Similar to our lives in NY, one meal ran into the other during our stay in Rome.  While my cousins and the children of my cousins began arriving, one by one to welcome us, meals were being planned and prepared. How I wished I had brushed up on my Italian before this trip. Graciously and perhaps  a bit too generously, my family complimented my poor Italian. Not so surprisingly, Mike seemed to pick up much of what was being said around him. I think he secretly studies while I’m not around.

As you can imagine, each day revolved around lunch (pranzo) and dinner (cena).  The dishes were familiar but the flavors magnified. Everything was enhanced with olive oil freshly pressed from olives picked from their very own olive trees. The meats and cheeses all local and of the highest quality melted in our mouths. I don’t think Italians import foods from other geographies and the foods they export must be simply the products they deem unworthy to sell in their own country.
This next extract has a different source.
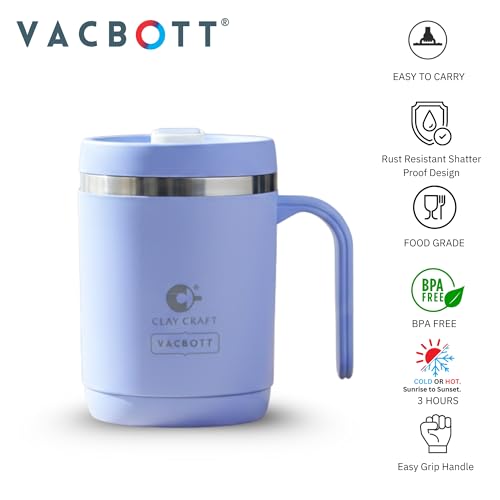 Image of CLAY CRAFT VACBOTT Dyona 400ML (SkyBlue) Premium Stainless Steel Puf-Insulated Flask Mug|Long Hrs Hot & Cold|Airtight, BPA-Free, Leak-Proof Travel Mug with Handle| Made in India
The main event of our trip was my aunt’s birthday party which was held at a restaurant located on Lake Albano near Castel Gondolfo, the Papal Summer Palace. The dining area, with its multitude of windows overlooking the lake, was simple but spectacular and so was the food. Basic but impossibly fresh and in-season ingredients were prepared and presented perfectly. There was thinly sliced and barely cooked fish that tasted of the nearby sea and flavorful meats like salty prosciutto and fatty mortadella accompanied by perfectly grilled vegetables and bowls of mussels with silk like texture that I’ve never tasted in the states. This alone would have been more than enough food and we should have been smart enough to eat sparingly, but our will power was lacking in light of such culinary treasures. To follow was a creamy risotto with oversized prawns and fettuccine with fresh porcini mushrooms followed by more meat and fish and vegetables and potatoes. We wanted to photograph everything but sometimes our appetites got ahead of our desire to document.

Although the food was delicious the moments with my aunt  were priceless. Every time I’ve seen her over the past ten years, I’ve wondered if I’ll ever get such an opportunity again. Each time I do is more emotional than the last. At 90 my Zia Isabella  is strong and healthy and surrounded by an adoring family. She and her late husband, my Zio Italo created a wonderfully close and loving family which I am blessed to have and share with Mike.  We’re so grateful to have this family in Italy keeping us connected to this beautiful country of my heritage. And while we love having this connection, we can’t help but wish they weren’t so far away. Our time in Rome was too short especially since we made several other excursions before leaving Italy. In the next few weeks, Mike and I will take you north to Parma, Florence and Milano; south to Ravello, Amalfi and Positano and more importantly east to Montenero di Bisaccia, my dad’s hometown, as we recount more of our Italian vacation. Thank you for following along with us as we share our stories and memories of family, food and tradition. Arrivederci!